My dearest is upset that I found out about the holiday too soon and accused me of being too inquisitive. In my defence, it wasn’t me who programmed the dates of the flight tickets into our shared iPhone calendar.

Nevertheless, he soon came around and agreed it was probably best that I was kept in the loop since I’m a business journalist with supposedly superior financial knowledge.

Anyway, back to the ringgit. Over the last year, it seems to have recovered from its sharp depreciation against the US dollar, so much so that it was even the region’s best performing currency last year, strengthening 9.95% against the greenback.

Just three months into the new year, it continues to delight Malaysians and foreign workers here as it trended below the psychological level of 4. It is now at 3.90.

But what is driving the ringgit’s strength? Most of the experts who were asked seem to give pretty straightforward explanations. It’s really nothing more than what you would read in The Edge Financial Daily or The Edge of late.

To summarise, it has got to do with gross domestic product growth in 2017, which exceeded everyone’s expectations. Some say the ringgit has been undervalued for too long and people are beginning to realise this, thus fanning interest in it once again.

Then there are those who believe Bank Negara Malaysia’s requirements for exporters to convert 75% of their proceeds back into the ringgit has given the currency a boost.

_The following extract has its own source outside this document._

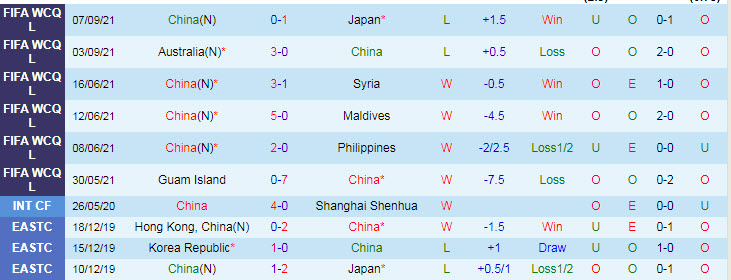 Phân tích kèo hiệp 1 Trung Quốc vs Việt Nam, 0h ngày 8/10 - Ảnh 1
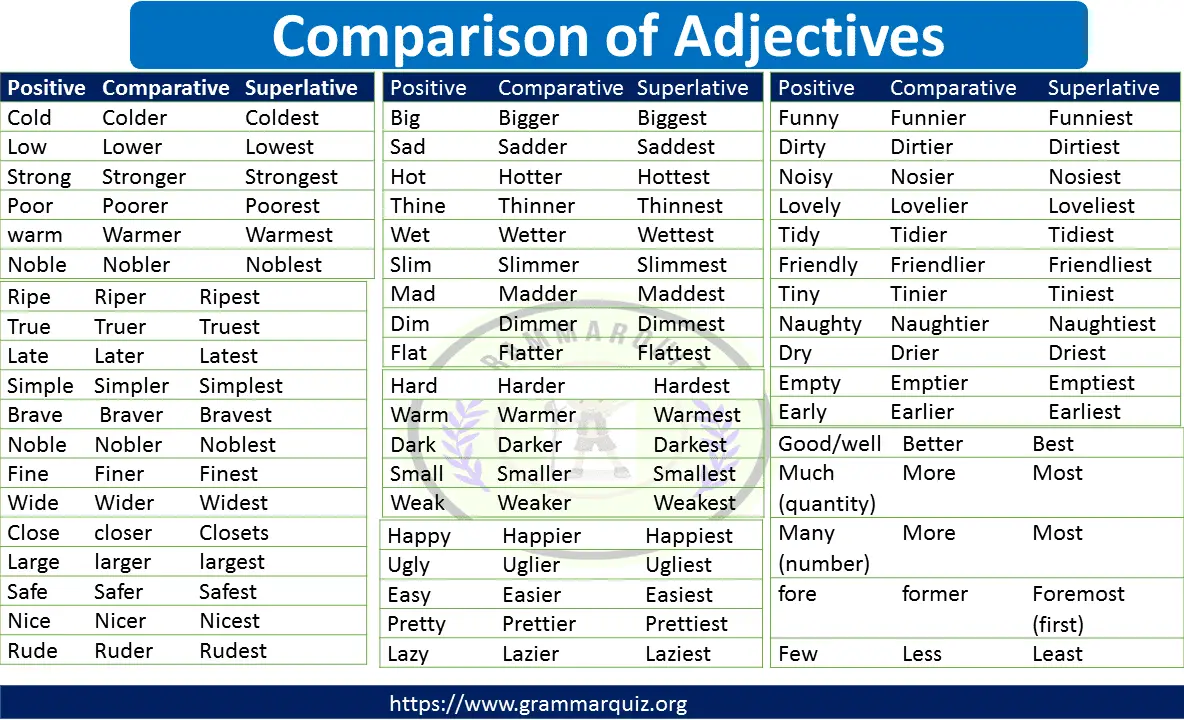 Comparison of Adjectives  List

Yet others point out that it is really because the US dollar has weakened against other currencies, meaning the ringgit didn’t really strengthen but is merely benefitting from the weak sentiment towards the US dollar. Just take a look at the US Dollar Index.

One theory I find especially intriguing is that it is because the general election is just round the corner. Everything seems to be election-related these days!

“It’s because election is coming mah … so the incumbents have to support the ringgit up loh. Creates a feel-good factor for everyone and then you will vote correctly,” says my trader friend Aunty Jasmine, who survived the 1997 financial crisis.

“In fact, arr … When election comes, the ringgit should be fairly stable one,” she adds.

I’m not sure how true that is but logically speaking, any investor with a substantial amount of capital who sees this coming election as a political risk — just like any election in other parts of the world — would minimise his position or perhaps consider placing his cash in safe havens, such as the yen.

So, what is really driving the ringgit’s strength? Great GDP numbers, confidence in the country and fantastic policies?

I do hope that that’s all there is to it.

Oops! Being a woman, am I being too suspicious, as my dearest constantly reminds me? Maybe I should have more faith in the official statistics that paint rosy prospects for the economy.

So, my beloved country’s stronger currency is cause for rejoicing.

Please excuse me while I go shopping for all that amazing stuff on Amazon and start planning for that trip to the US.